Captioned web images
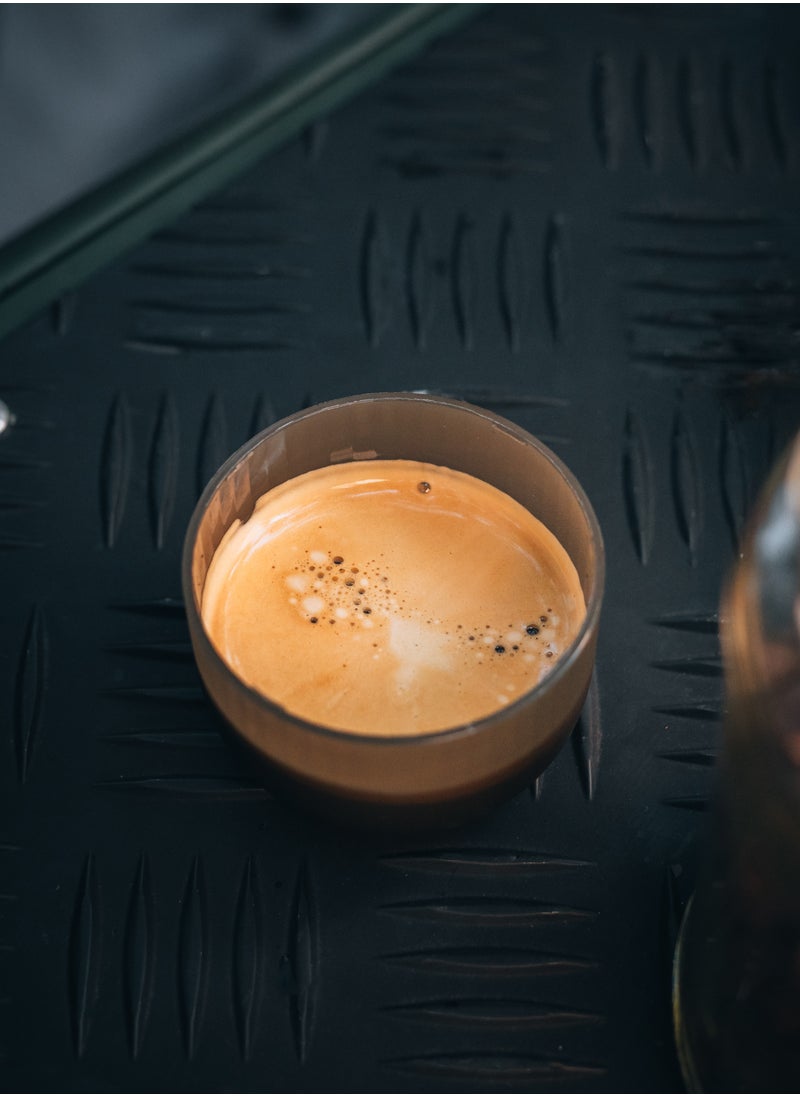 MINIPRESSO GR2 - Portable Espresso Machine for Ground Coffee, Eco-Friendly, Made Using Biomass, 18 Bar Powerful Extraction, Ultra Light Weight, Integrated Water Tank System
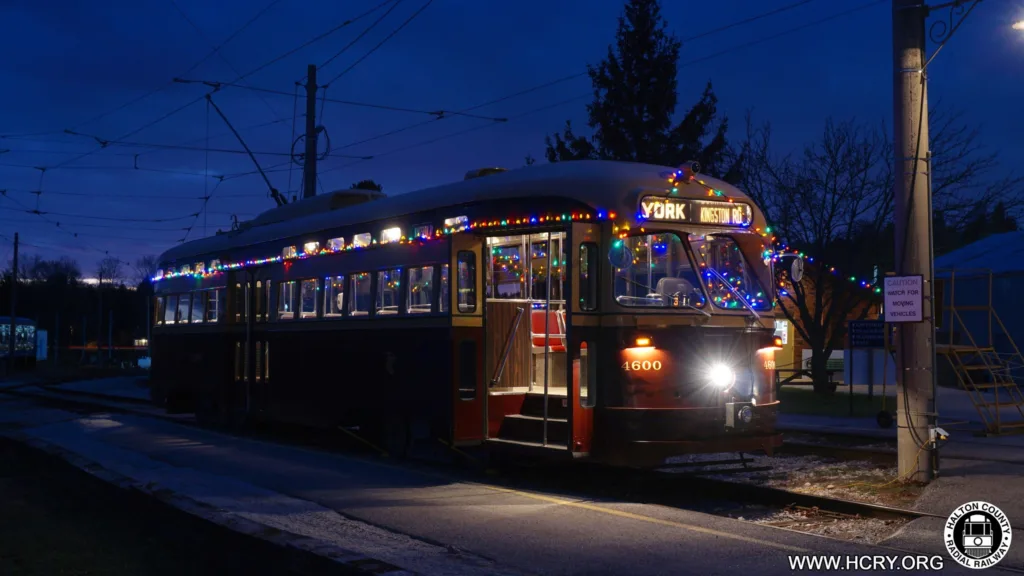 Halton County Radial Railway Christmas Train Ride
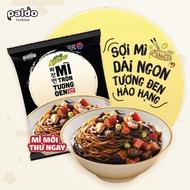 2 Packs Of Koreno Paldo Korean Black Soy Sauce Noodles - Koreno Jjangmen Black Noodle 78g Pack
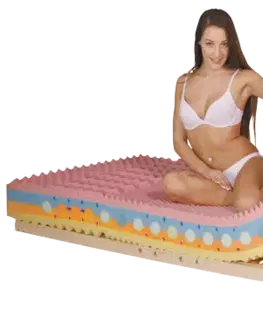 Sendvičová matrace BRIGITA + 1x polštář Lukáš ZDARMA Dřevočal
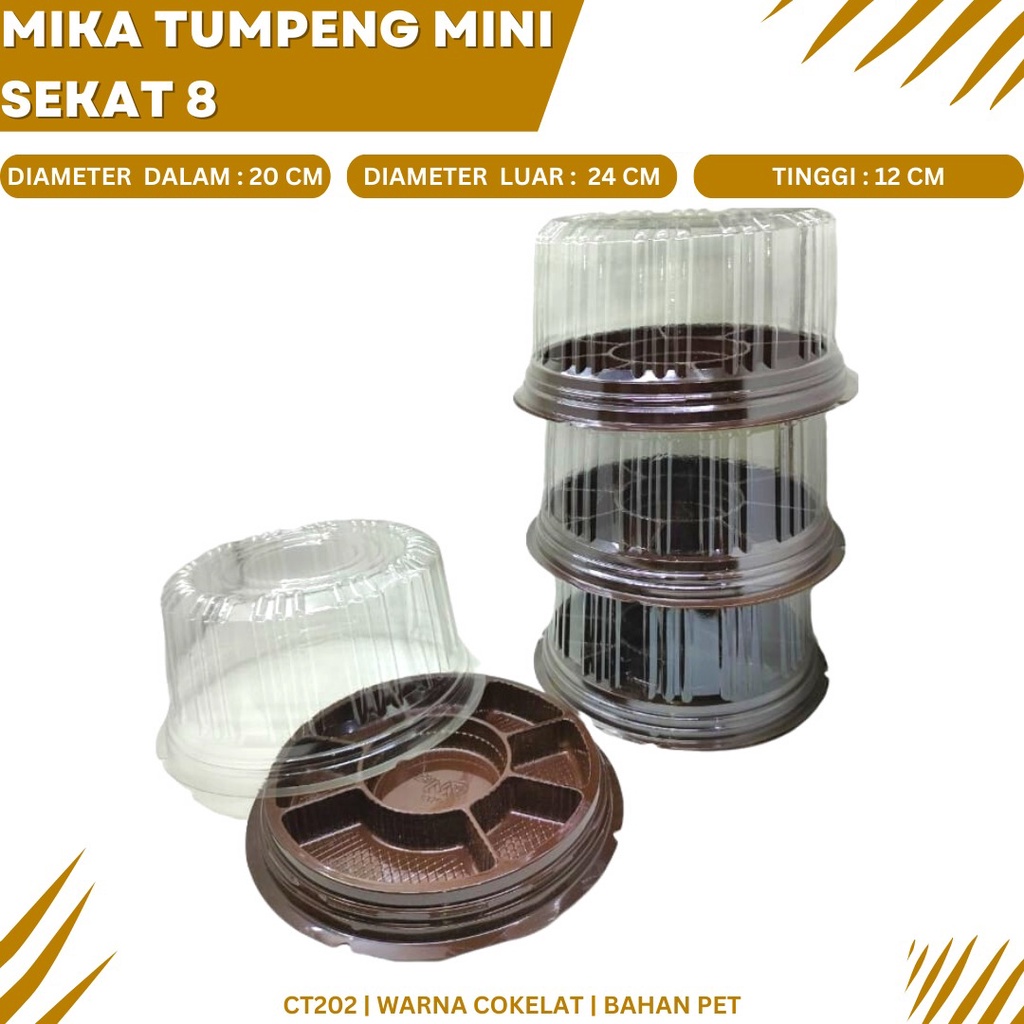 Mika Tumpeng Sekat 8 Mika Tumpeng (Isi 10 Pcs-CT202)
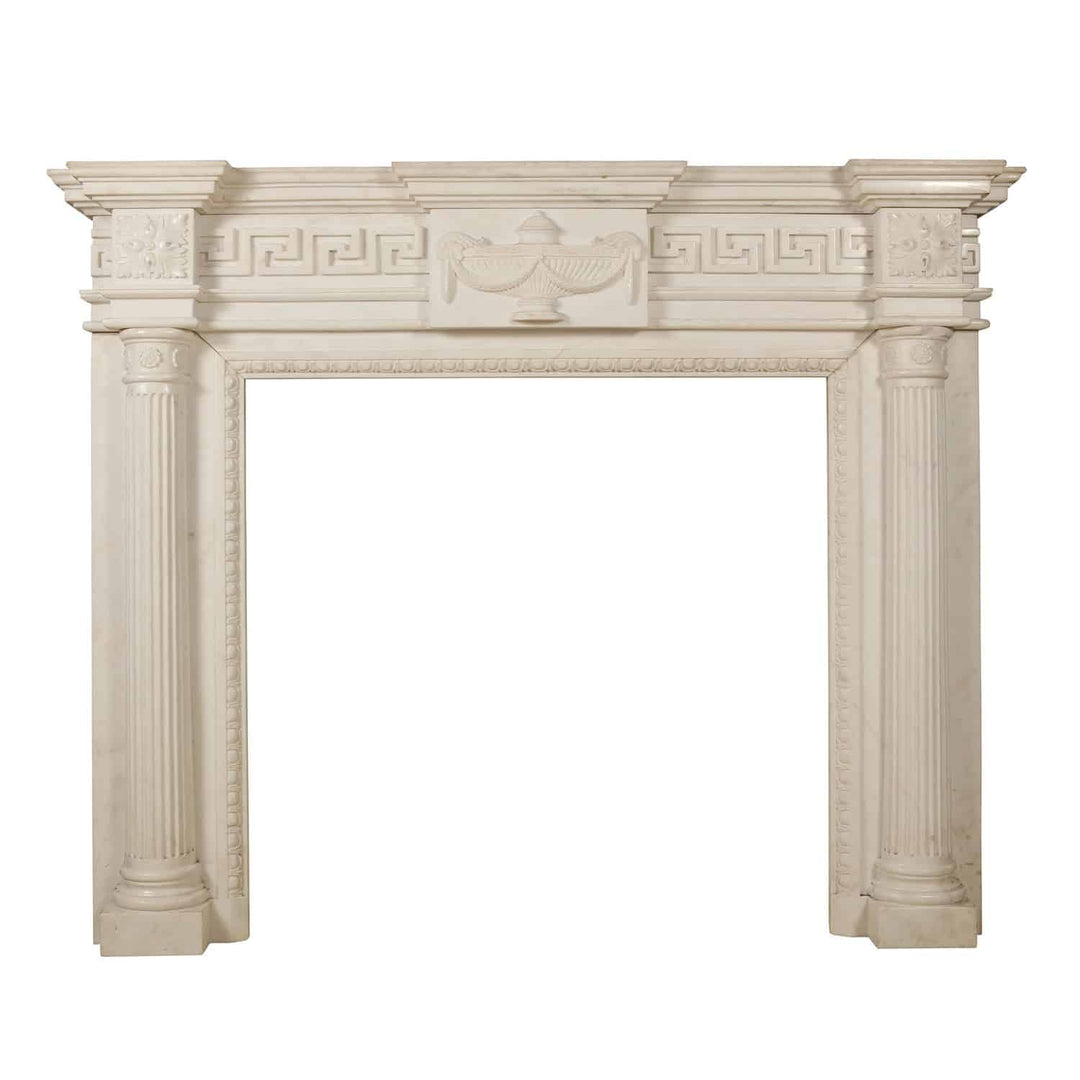 Neo Classical Statuary Marble Fire Surround
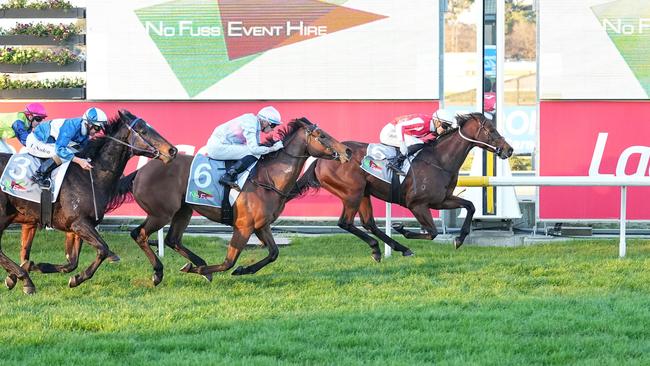 Thursday’s Cranbourne meeting has been transferred to Pakenham’s synthetic track. Picture: Scott Barbour / Racing Photos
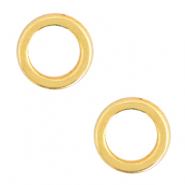 Fornituras met&aacute;licas DQ anillo 6mm Dorado (sin n&iacute;quel)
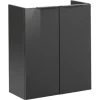 Fackelmann Mini-Waschtischunterschrank 55 Luna 52 Cm Anthrazit Hochglanz -Badezimmerbedarf Geschäft 3254 87206 luna miniwtu55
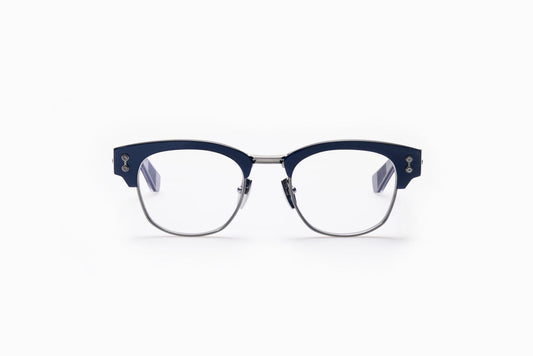 Akoni Newton Eyeglasses Blue Navy AKX-515C-50 Front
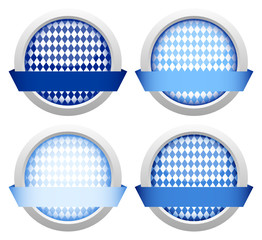 4 Buttons Banner Octoberfest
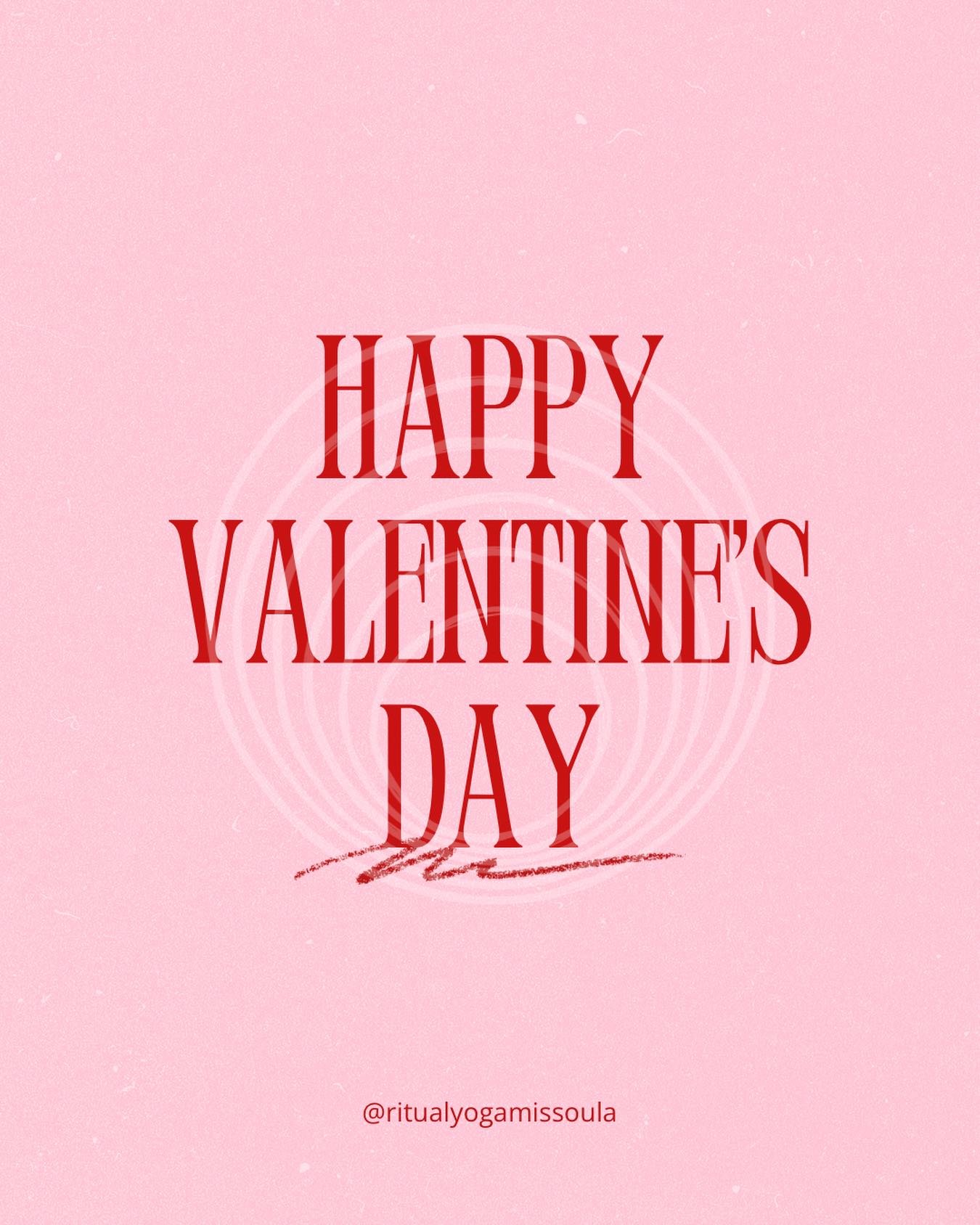 Happy Valentine&rsquo;s Day 🤍

Our hearts are SO full of gratitude for every breath, every stretch, and every shared moment on the mat. Thank you for being part of Ritual.

How will you celebrate love on or off the mat today?

#yoga #valentinesday #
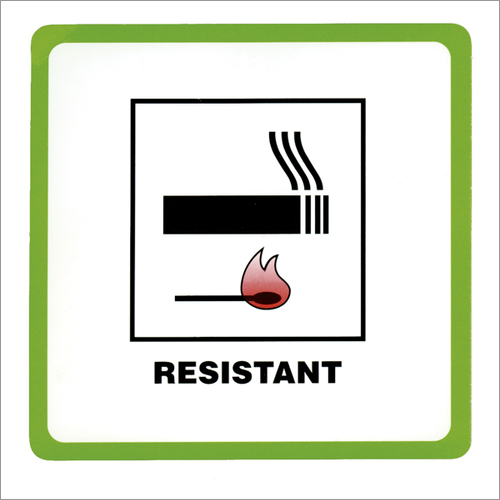 High Temperature Resistance Label - Paper Material, Industrial Packaging Use, White Color, Printing Design Available | Durable Resistance Label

▶ [Work request]:
Write out nothing but the lines from the start of the data through the line with "Sendvičová matrace BRIGITA". Leave out the pictures.

▶ [Written response]:
 MINIPRESSO GR2 - Portable Espresso Machine for Ground Coffee, Eco-Friendly, Made Using Biomass, 18 Bar Powerful Extraction, Ultra Light Weight, Integrated Water Tank System
 Halton County Radial Railway Christmas Train Ride
 2 Packs Of Koreno Paldo Korean Black Soy Sauce Noodles - Koreno Jjangmen Black Noodle 78g Pack
 Sendvičová matrace BRIGITA + 1x polštář Lukáš ZDARMA Dřevočal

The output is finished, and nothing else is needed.